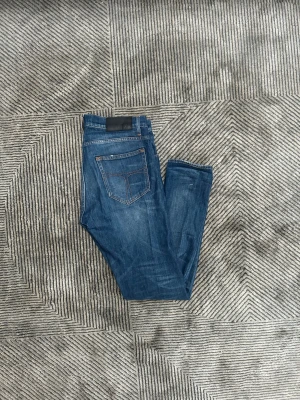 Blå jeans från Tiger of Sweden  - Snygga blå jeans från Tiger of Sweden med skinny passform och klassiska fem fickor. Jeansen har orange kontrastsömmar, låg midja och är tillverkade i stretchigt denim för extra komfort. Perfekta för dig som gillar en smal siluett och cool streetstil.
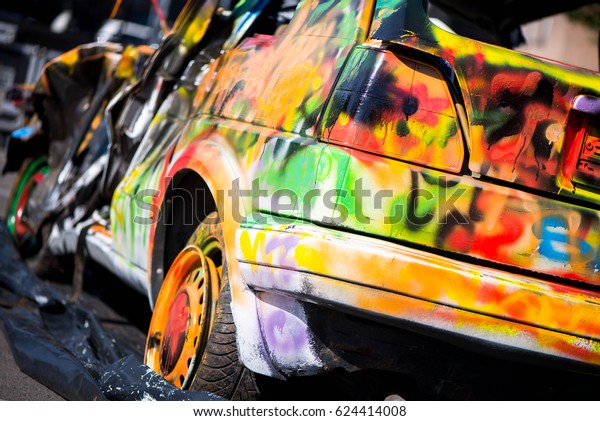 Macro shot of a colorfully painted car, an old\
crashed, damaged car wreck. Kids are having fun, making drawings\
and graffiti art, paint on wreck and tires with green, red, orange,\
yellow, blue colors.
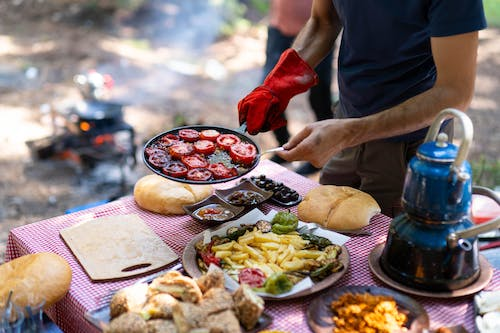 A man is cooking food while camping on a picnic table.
...
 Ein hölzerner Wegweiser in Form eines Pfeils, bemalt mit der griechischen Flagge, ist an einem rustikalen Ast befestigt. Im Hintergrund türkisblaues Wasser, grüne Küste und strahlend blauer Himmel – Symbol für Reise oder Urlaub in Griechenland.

WHAT NEEDS TO BE DONE: All that should be printed is the run of lines above from the one with "och cool streetstil." through the one with "A man is cooking", both included, exactly as given, with pictures left out.

SOLUTION TO THE PROBLEM:
 Blå jeans från Tiger of Sweden  - Snygga blå jeans från Tiger of Sweden med skinny passform och klassiska fem fickor. Jeansen har orange kontrastsömmar, låg midja och är tillverkade i stretchigt denim för extra komfort. Perfekta för dig som gillar en smal siluett och cool streetstil.
 Macro shot of a colorfully painted car, an old\
crashed, damaged car wreck. Kids are having fun, making drawings\
and graffiti art, paint on wreck and tires with green, red, orange,\
yellow, blue colors.
 A man is cooking food while camping on a picnic table.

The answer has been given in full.